Researchers at Los Alamos National Laboratory in US believe that if boron found on Mars is similar to the one which we see on earth, that would possibly indicate that groundwater of ancient Mars that formed these veins would have been 0-60 degrees Celsius and neutral-to-alkaline pH.
What makes it habitable is the temperature, pH, and dissolved mineral content of the groundwater. Boron was identified by the rover's laser-shooting Chemistry and Camera (ChemCam) instrument.
Boron has been associated with arid sites where much water has evaporated away.

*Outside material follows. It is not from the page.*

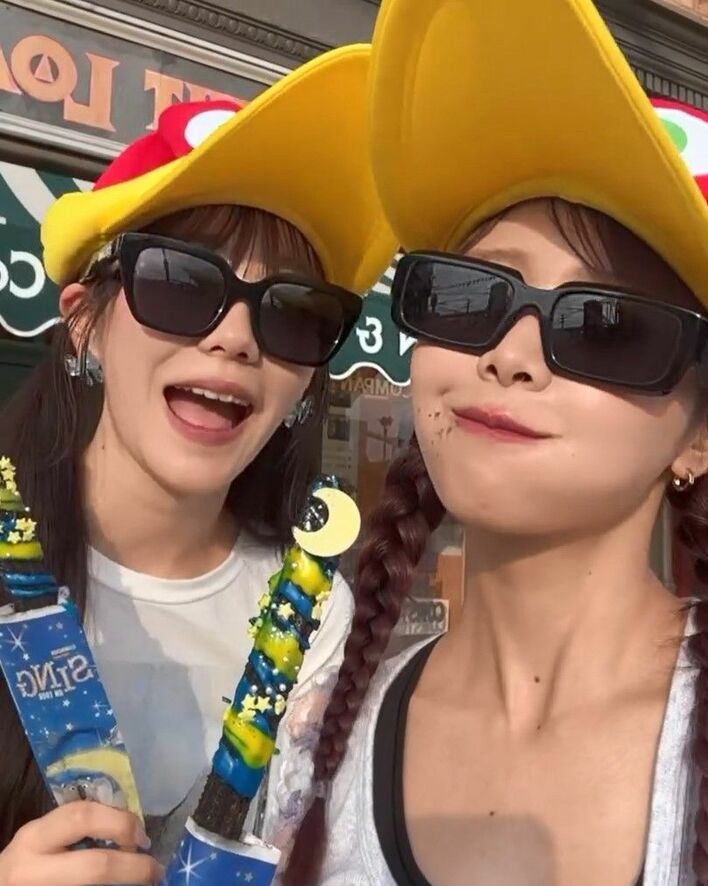 FRUITS ZIPPER仲川瑠夏＆真中まなが“NEW KAWAII”ショットを連発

But the environmental implications of boron found by NASA’s Curiosity rover still remain debatable.
So far scientists are putting forward this possible reason behind the source of boron:
- It could be that the drying out of part of Gale lake resulted in a boron-containing deposit in an overlying layer, not yet reached by Curiosity. Boron’s discovery happens to be of immense importance when it comes to findings related to composition of Martian rocks.
Curiosity is there to find out more about the red planet by climbing a layered Martian mountain and finding its rock-composition. This would further help in decoding how ancient lakes and wet underground environments changed, billions of years ago, in ways that affected their favourability for microbial life.
The more uphill gets rover, the more scientists get amazed by the chemical complexity of the rocks. Boron presence and clay so far hint towards mobility of elements and electrons, and that is good for human life.